Micron is the first vendor to push past 200 layers in TLC NAND, with this increase in wafer density potentially lowering flash storage costs, according to experts.
This week, the vendor jumped from 176 layers to 232 layers while shrinking its overall size and increasing energy efficiency. Micron will use the new NAND in all its flash storage products, starting in consumer drives and moving up to embedded and data center storage.
The storage market is hungry for lower-priced SSD options, and Micron's higher-layer NAND will enable that, according to Joseph Unsworth, an analyst at Gartner.
"Micron continues its technology leadership with the first commercialization of a 232-layer into a product," Unsworth said. "This follows up on its leadership from its 176-layer debut."
Layering on benefits
Moving to 232-layer NAND allows Micron to pack more density into an even smaller package, according to Alvaro Toledo, vice president and general manager of data center storage at Micron. The new NAND architecture is 50% higher-density than previous generations.
This is the highest density per square millimeter of any TLC NAND, Toledo said, with the ability to store up to 2 TB in a package smaller than a U.S. postage stamp. This can result in savings from a total-cost-of-ownership perspective, as it places more storage in a smaller space, he said.
Unsworth agreed. "The average consumer -- or even IT professionals -- isn't even aware of layer counts, but for us technical folks this is important because it demonstrates the path to cheaper flash technology used across a variety of applications," he said.
This lowers the price per gigabyte and introduces higher capacity end products or equal capacity at lower acquisition costs, Unsworth said. The lower cost can make its way to a lower price for the end user, but the actual price has several metrics that will depend on the market at the time.
Denser, smaller, faster
Along with higher capacity in a smaller package and potentially lower costs, the 232-layer NAND comes with greater quality of service and better parallelism, which translates into better performance, Toledo said. The dies are now up to 2.4 GBps ONFi internal data transfer rates, up from 1.6 GBps on the 176-layer NAND. The new NAND has six planes, the highest number of planes for TLC flash.
Joseph UnsworthAnalyst, Gartner
The higher planes drive better performance, Unsworth said. This is something that OEMs are looking for when qualifying technology.
As far as how internal data transfer rates apply to real-world use, the jury is still out, Unsworth said. There are a lot of steps in the process of how this translates into what users see, including the device used and interface to the host.
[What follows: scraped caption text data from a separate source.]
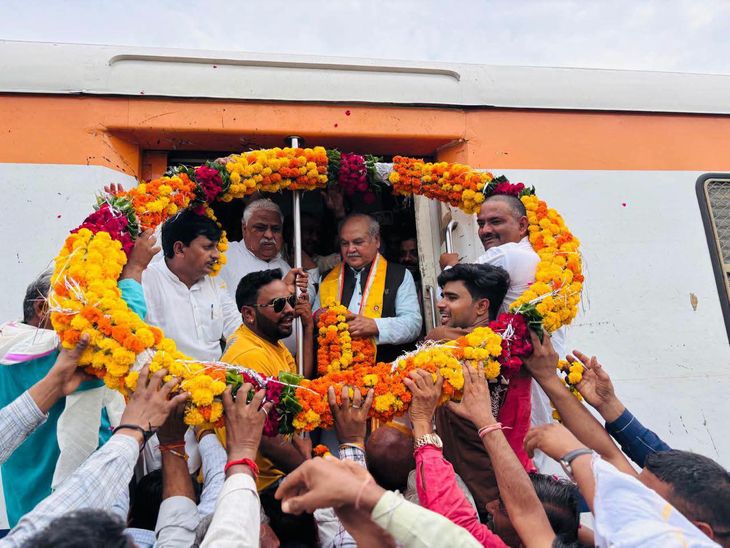 वीरपुर पहुंची ग्वालियर-श्योपुर मेमू ट्रेन, विधानसभा अध्यक्ष बोले- ब्रॉडगेज से संवरेगा व्यापार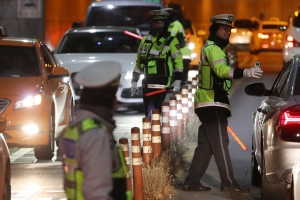 ‘숙취운전’ 택시기사 면허 취소에 법원 선처 “불이익 가혹하다”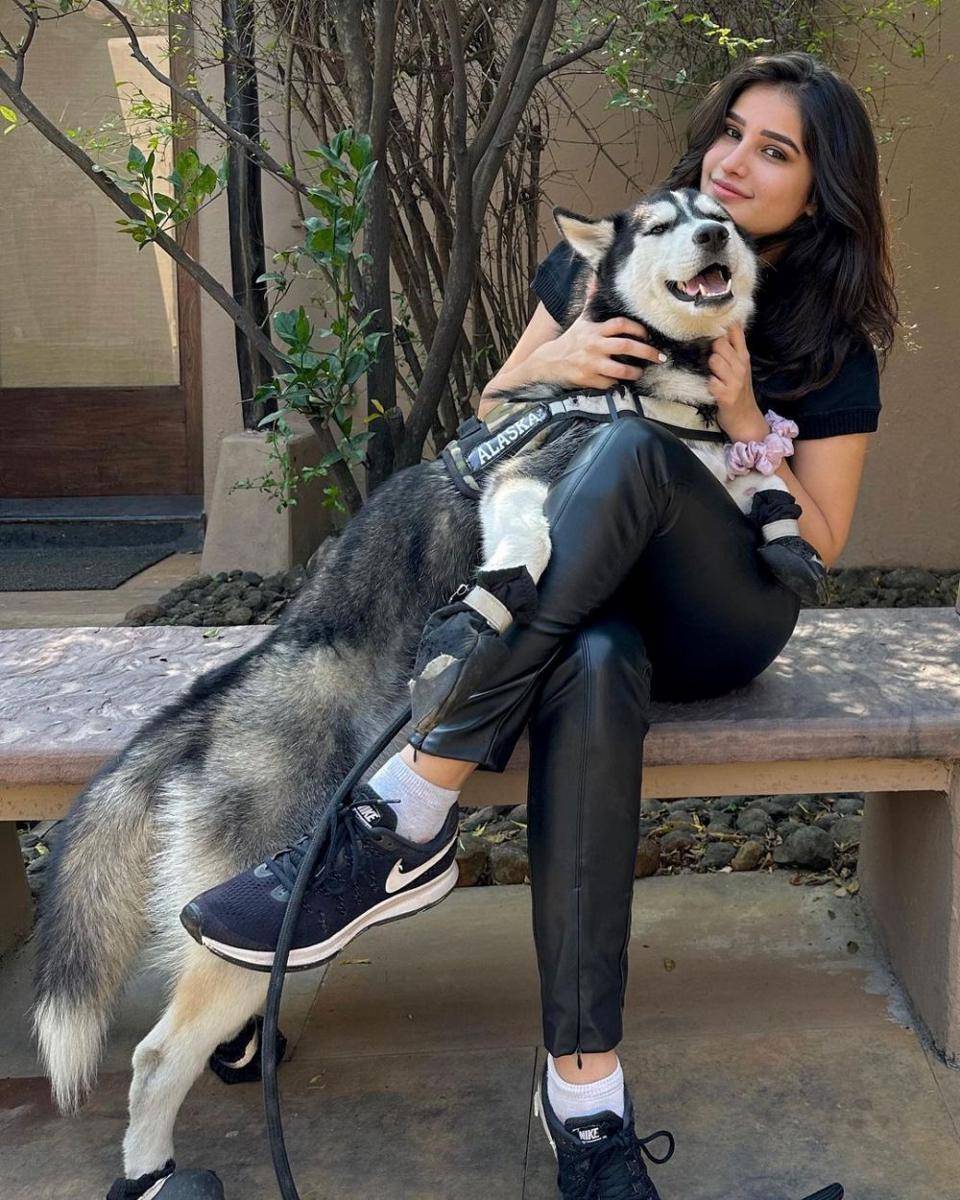 Rasha Thadani dan anjingnya (instagram.com/rashathadani)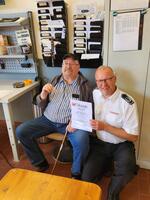 Bild vergr��ern: Horst Petri (l.) erhielt vom Vorsitzenden des Kreisfeuerwehrverbandes, Rainald Thiemann, goldenen Verbands-Ehrennadel mit Kranz.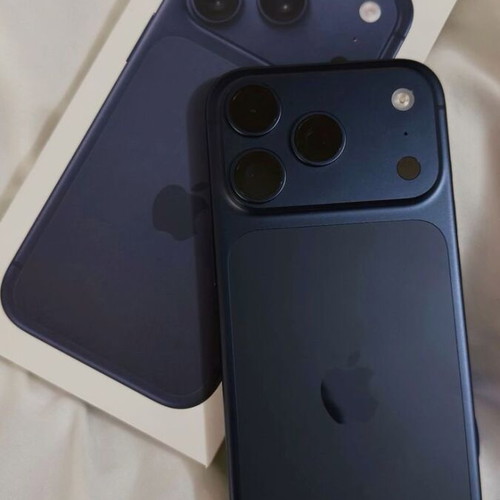 iPhone 17 Pro blue, sealed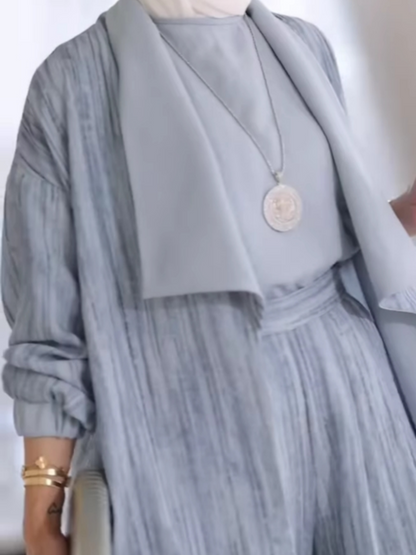 Conjunto casual de tres piezas con rayas verticales en el cuello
"This will be faster, but mileage may vary … until the real-world benchmarks are out," he said.
A wait for the data center
The new 232-layer NAND is now shipping to consumer products through Micron's Crucial brand, according to the company. It is a matter of starting smaller and growing, Alvaro said. The company plans for mass production by the end of the year, as Micron's fabs switch from 176 layers to 232 layers.
Price is still a critical concern in the data center, Gartner's Unsworth said. Reducing costs is standard practice in the memory industry, and it will be interesting to see how other vendors respond, both from a competitive perspective as well as a potential oversupply situation for the remainder of this year, he said.